C'est le chorégraphe qui décide de l'enchaînement des phases du spectacle.

c - L'apport de la technologie

Esthétique de la relation

  • relation physique
  • kinesthésie technologique.

Kinesthésie = perception consciente de la position et des mouvements des différentes parties du corps = proprioception.

-> organiser un espace sensoriel et cohérent pour des actes qui paraissent imprévisibles.

Le travail d'écriture du chorégraphe exploite cet espace.
Il réduit son potentiel tout en permettant au public d'en prendre conscience.

d - Liberté de l'interacteur dans le système

Système informatique ou électronique,
programmé pour réagir à certains comportements du spectateur

La liberté que l'artiste concède à l'interacteur varie.

Exemples :

  • sans interacteur, rien ne se passe :
    Colin Ponthot, Alice
    Cyprien Quairiat, Salle d'attente
    Léonore Mercier, Damassama
    Cécile Guigny, Play in C
  • interaction plus guidée :
    Oreiller rêveur,
    La Truc

L'interprète / spectateur a un rôle à jouer.
=> Il semble devenu à la fois l'interprète et le chorégraphe, le compositeur et le scénographe, le co-auteur de l'œuvre.

Hehe Light Brix

Dimension politique : l'interprète ou le spectateur agissant en interaction construit l'œuvre interactive.

Pas strictement vrai, ni du point de vue conceptuel, ni du point de vue matériel,
phantasme souvent sous-jacent.

L'interacteur n'est pas le co-auteur de l'œuvre : il est l'auteur d'un événement unique généré à partir de la matière créée au préalable par l'auteur.
-> selon que le système est ouvert ou fermé.

L'artiste n'abandonne pas sa qualité d'auteur mais retient une certaine part de contrôle prédéterminé sur la liberté accordée à l'interprète ou au spectateur qui module la forme de l'œuvre.

Spectacles : l'improvisation libre est réduite au minimum.

Les interprètes d'un spectacle interactif ne sont libres qu'à l'intérieur de paramètres stricts.

e - Rôle des technologies interactives dans le spectacle

A quoi bon mettre en place un système interactif afin de produire un effet pour le simple plaisir passif des spectateurs ?

  • point de vue purement utilitaire : aide aux régisseurs ;
  • point de vue artistique, des données spécifiques de certaines captations ne sont pas remplaçables par des effets précalculés.

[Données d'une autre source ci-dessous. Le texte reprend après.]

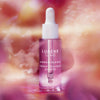 Ein Tropffläschchen von Lumene NORDIC BLOOM [LUMO] Vegan Collagen Essence steht vor einem sanft verschwommenen floralen Hintergrund.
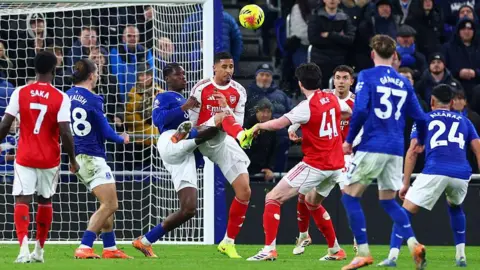William Saliba challenges Thierno Barry for the ball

Conclusion - La transcription des règles en perceptions

Les spectateurs ou les interprètes d'un spectacle ne se considèrent pas comme étant en interaction avec un ensemble de règles programmées.

-> ambiance poétique, émotionnelle ou narrative,
nuances perceptibles de l'environnement généré par le système.

Le spectateur réagit aux modifications de l'installation en adoptant un comportement différent, qui reconfigure de nouveau l'environnement,
=> dialogue entre l'œuvre et le spectateur.

L'œuvre semble respirer, vivre.
=> Le résultat est une véritable interaction et non plus une simple réaction.

Susciter et de soutenir un dialogue avec les spectateurs.
C'est ce qui le distingue de l'art non interactif, et non seulement la capacité à réagir à l'action d'un spectateur.

Paradoxalement, le spectateur se croit d’autant plus libre qu’il se sent anticipé dans ses réactions et compris dans ses intentions.